__What is expected__.
Make an exact copy of the records below, leaving every image out.

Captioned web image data
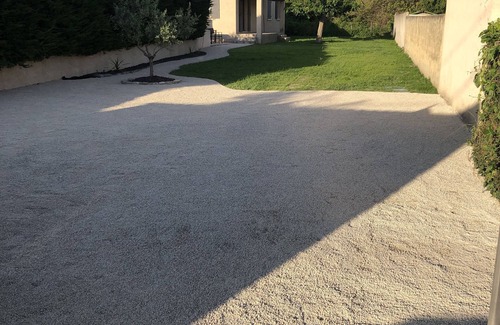 Monteux Villa | Vacations in Vaucluse (long stay preferred)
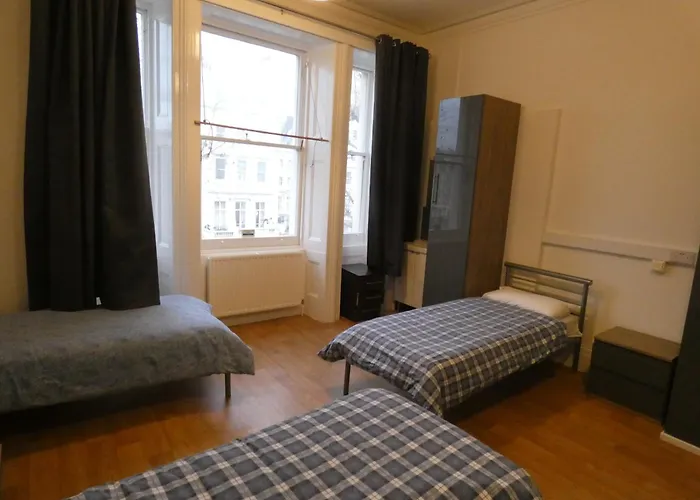 Albergue Bowden Court Londres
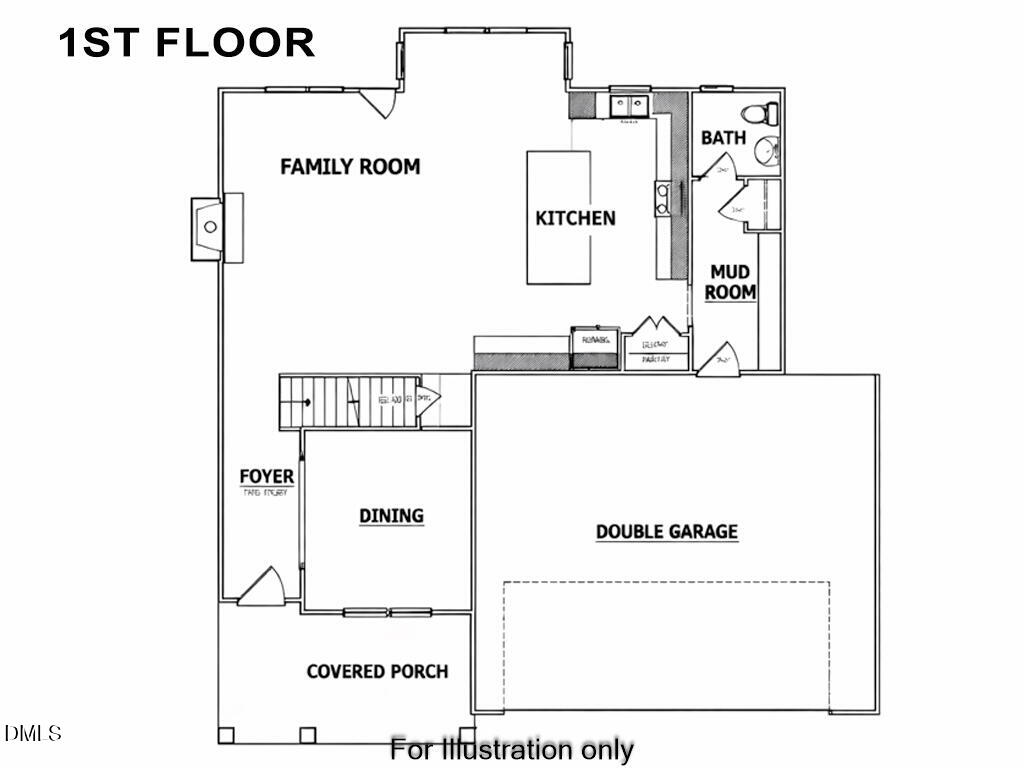 2280 Peachtree Hills Road Spring Hope, NC 27882 - Photo 6 of 20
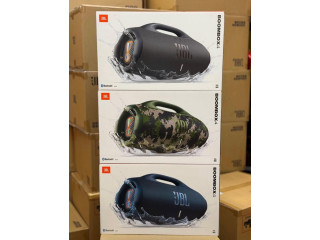 JBL BOOMBOX4 Neuf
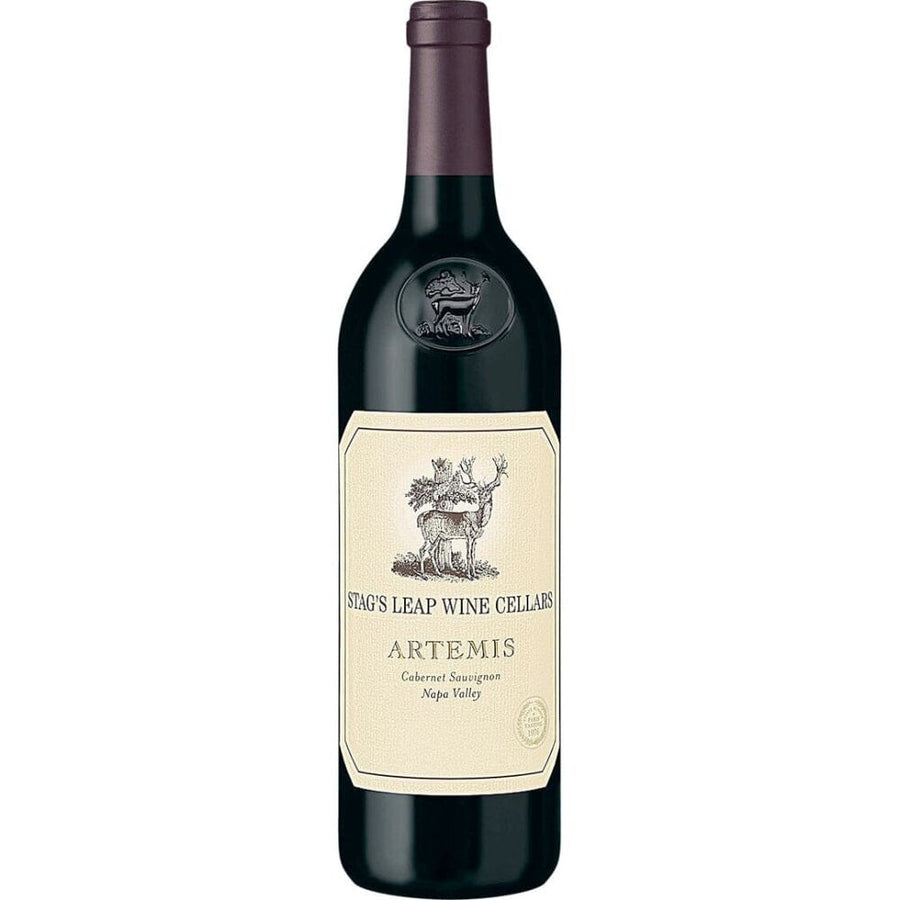 Stag's Leap Wine Cellars Artemis Cabernet Sauvignon Red Wine Stag's Leap Wine Cellars 
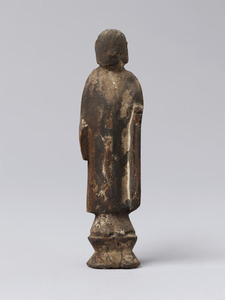 千体地蔵菩薩立像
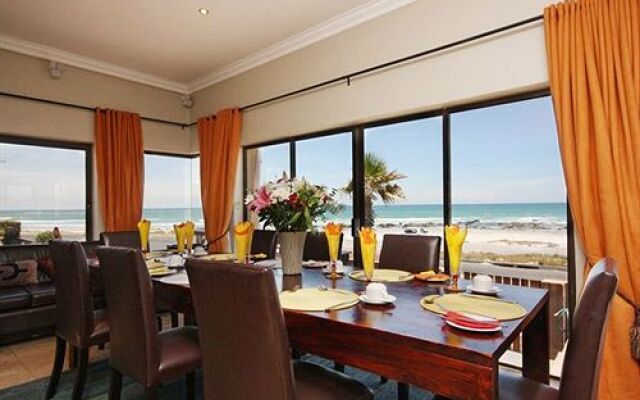 The Gregorian on Sea Guest House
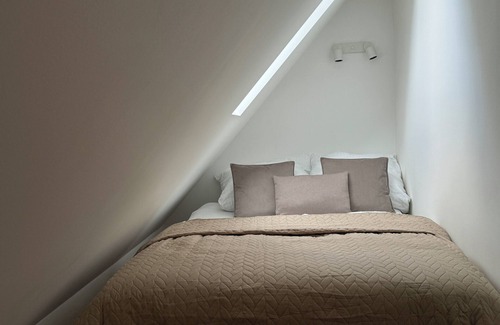 Mitte-Nordost Apartment | City-apartment in Münster - Ihr Zuhause in Bester Lage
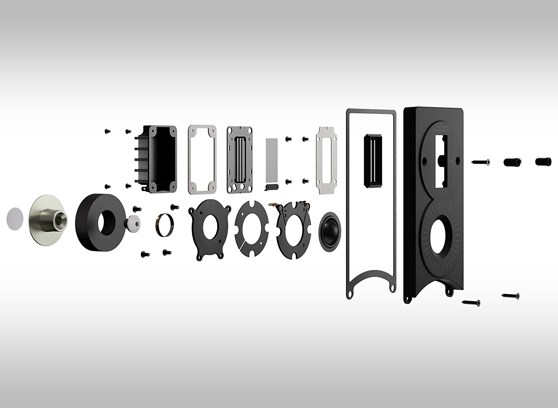 Dali Opticon 8 MK2 - cecha 1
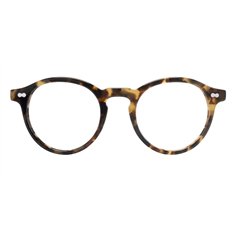 Moscot Originals Miltzen Classic Havana (0307-01) 2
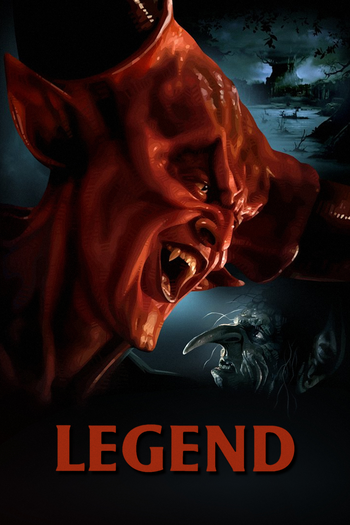  de Filme A Lenda (1985)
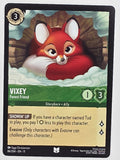 Disney Lorcana Winterspell #86/204 Vixey - Forest Friend | Uncommon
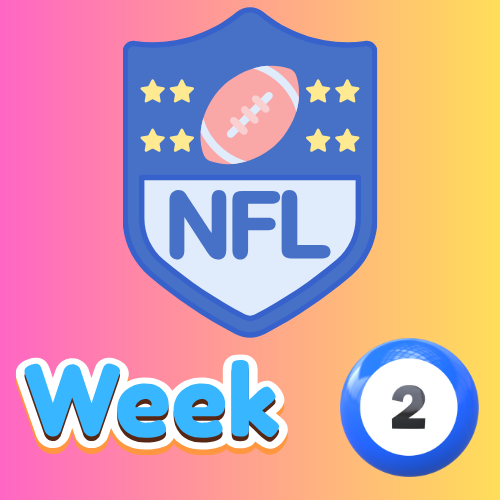 NFL Week 2 DFS Write up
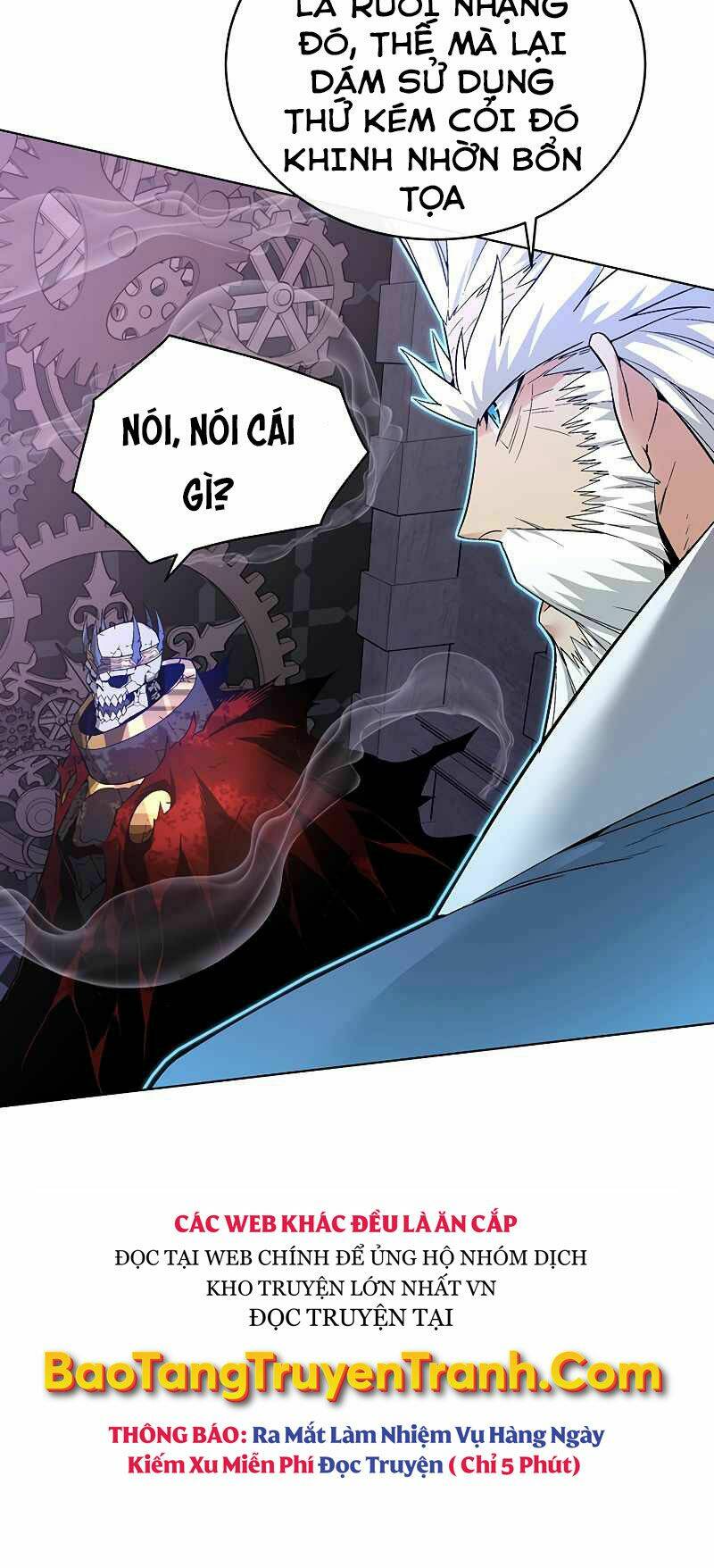 Thiên Ma Quân Sư: Chapter 32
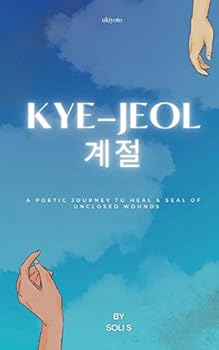 Paperback Kye-Jeol Book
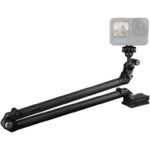 GoPro Boom+ Adhesive Mounts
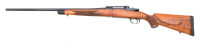 Interarms Mark X Bolt Action Rifle - 2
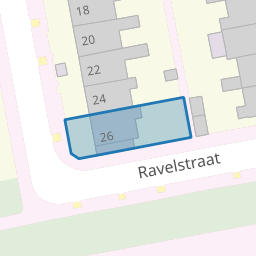 Perceel LDN01-O-2572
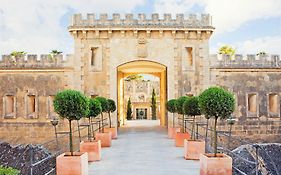 Cap Rocat, A Small Luxury Hotel Of The World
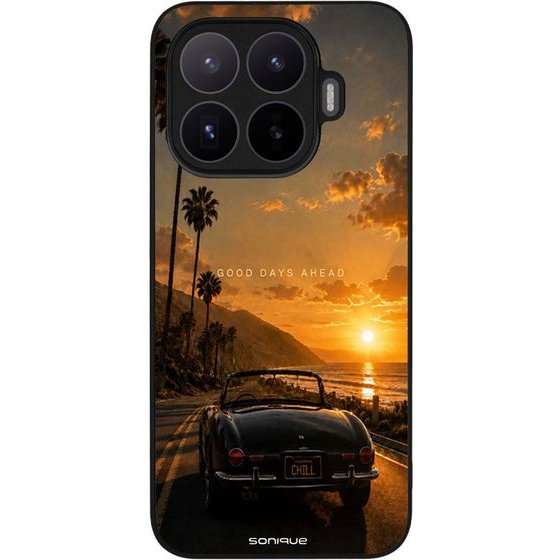 Sonique ���� Men's Edition ��� Xiaomi Xiaomi 17T Pro 5G Good Days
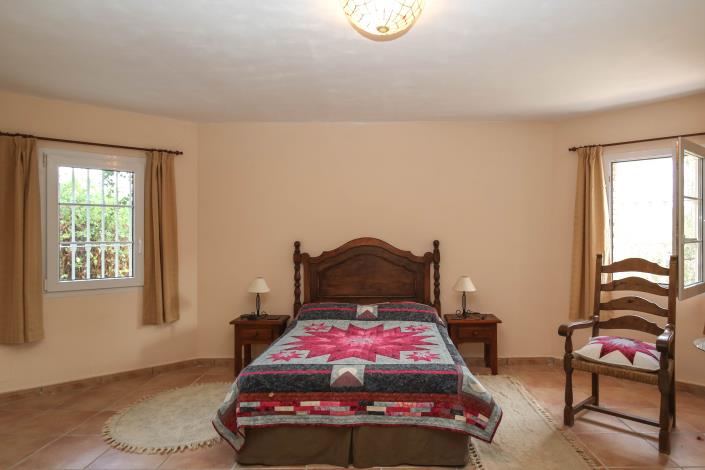 Image No.40-Villa / Détaché de 4 chambres à vendre à Alhaurín de la Torre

__Task output__.
 Monteux Villa | Vacations in Vaucluse (long stay preferred)
 Albergue Bowden Court Londres
 2280 Peachtree Hills Road Spring Hope, NC 27882 - Photo 6 of 20
 JBL BOOMBOX4 Neuf
 Stag's Leap Wine Cellars Artemis Cabernet Sauvignon Red Wine Stag's Leap Wine Cellars 
 千体地蔵菩薩立像
 The Gregorian on Sea Guest House
 Mitte-Nordost Apartment | City-apartment in Münster - Ihr Zuhause in Bester Lage
 Dali Opticon 8 MK2 - cecha 1
 Moscot Originals Miltzen Classic Havana (0307-01) 2
  de Filme A Lenda (1985)
 Disney Lorcana Winterspell #86/204 Vixey - Forest Friend | Uncommon
 NFL Week 2 DFS Write up
 Thiên Ma Quân Sư: Chapter 32
 Paperback Kye-Jeol Book
 GoPro Boom+ Adhesive Mounts
 Interarms Mark X Bolt Action Rifle - 2
 Perceel LDN01-O-2572
 Cap Rocat, A Small Luxury Hotel Of The World
 Sonique ���� Men's Edition ��� Xiaomi Xiaomi 17T Pro 5G Good Days
 Image No.40-Villa / Détaché de 4 chambres à vendre à Alhaurín de la Torre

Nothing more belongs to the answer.